Yes, Volkswagen Beetles are great first-time restoration projects. Old, restorable VW Bugs are fairly easy to find because there were so many of them made. In spite of that, they are highly collectible. Even though Beetle production began overseas back in 1938, it wasn't introduced in the United States until 1950. Any Beetle produced between 1950 and 1979 will be a good restoration project. Volkswagen stopped making them after 1979 and didn't produce them again until 1998. Parts are easy to source, and good restoration advice is easy to find.


Do old trucks make good first restoration project?

Yes. Old restorable trucks are easy to find and easy to work on.
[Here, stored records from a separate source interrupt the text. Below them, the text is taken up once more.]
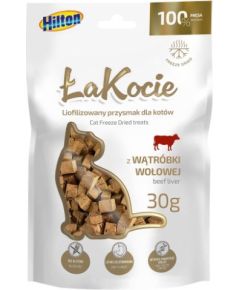 HILTON ŁaKocie Freeze dried beef liver - cat treats - 30g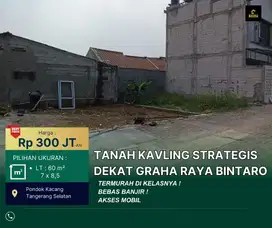 Tanah Kavling Siap Bangun Harga Ekonomis dkt Graha Raya Bintaro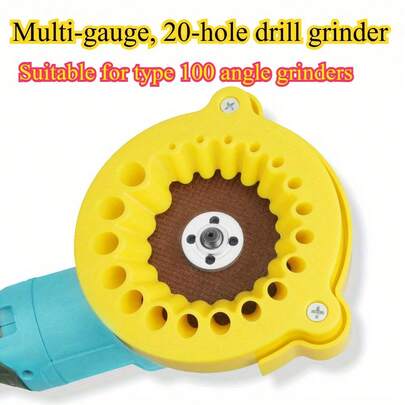 ドリルビットグラインダー、ポータブルドリルビットシャープナー、ドリルビットの修理と研磨用アングルグラインダーアクセサリー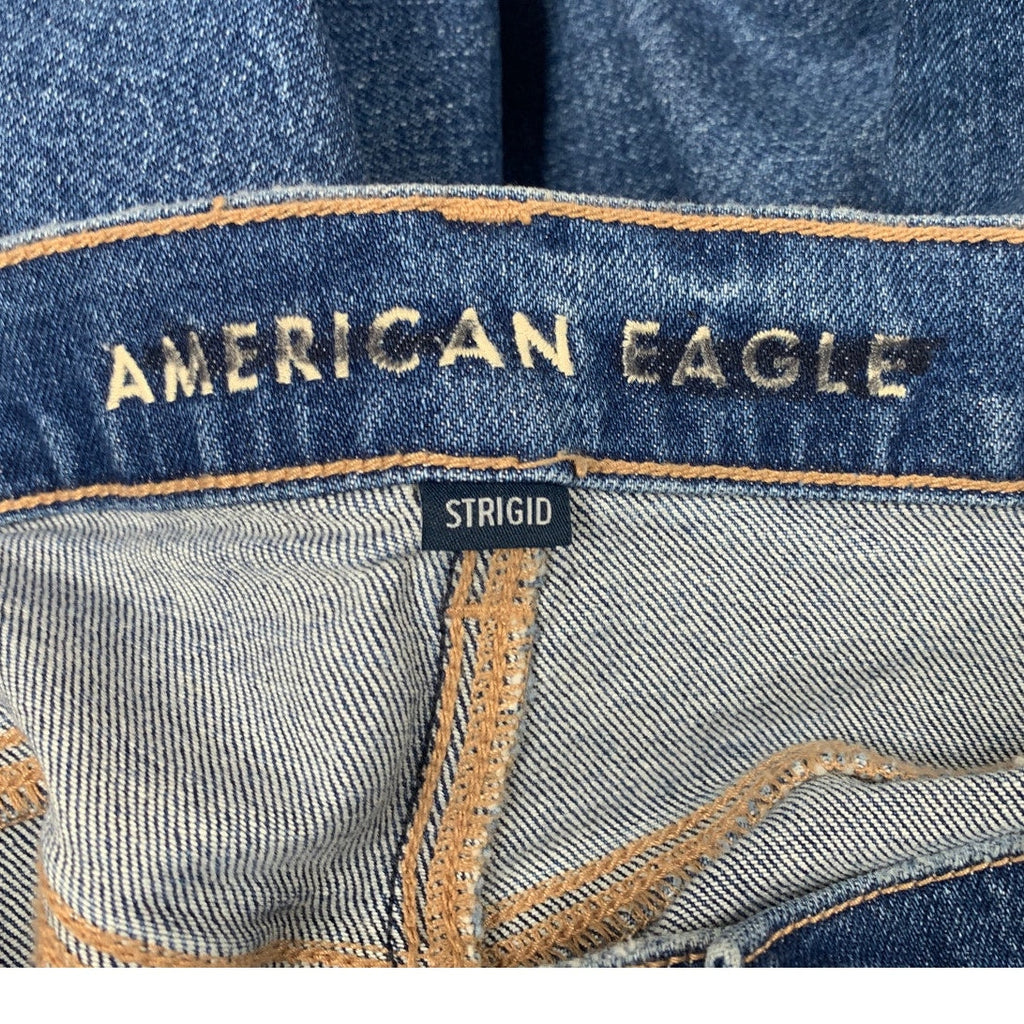 New American Eagle Womens Size 18 Super High Rise Baggy Straight Denim Jeans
If you get an old Ford or Chevy, parts will be readily available as will restoration advice. Chevy C10's from the late 1960's and early 1970's are highly collectible. When the restoration is well done, resale value can be quite high. For example, someone paid $44,000 for a 1970 C10 and $51,000 for a 1969 C10 at a Barrett-Jackson auction back in 2015. Of course, you shouldn't expect to get that kind of cash for a first-time restoration project, but the resale value is there. A 1970 C10 sold for $8,000 on Craigslist at around the same time as the Barrett-Jackson auction. Ford F-Series trucks built between 1957 and 1960 are gaining in popularity among vintage car enthusiasts. Any of them would be good fixer-uppers. 1956 F100's are highly collectible and fairly easy to restore but expect to pay over $5,000 for a fixer-upper. A restorable 1958 F100 can be had for about half that price.


Are Honda Civics easy to restore?

A Honda Civic is definitely one of the best cars to restore. Parts and restorable Civics are readily available. The 1999 Civic SI would be a very easy first project. You wouldn't make big money on resale, but it would be an inexpensive learning experience, and you would have a nice little car to keep and drive. Expect to pay around $1,000 for a restorable 1999 model. If you decide to go back a little further to the previous generation, plan to spend a little more. A 1994 Civic SI 3-door hatchback fixer-upper will cost at least $1,500.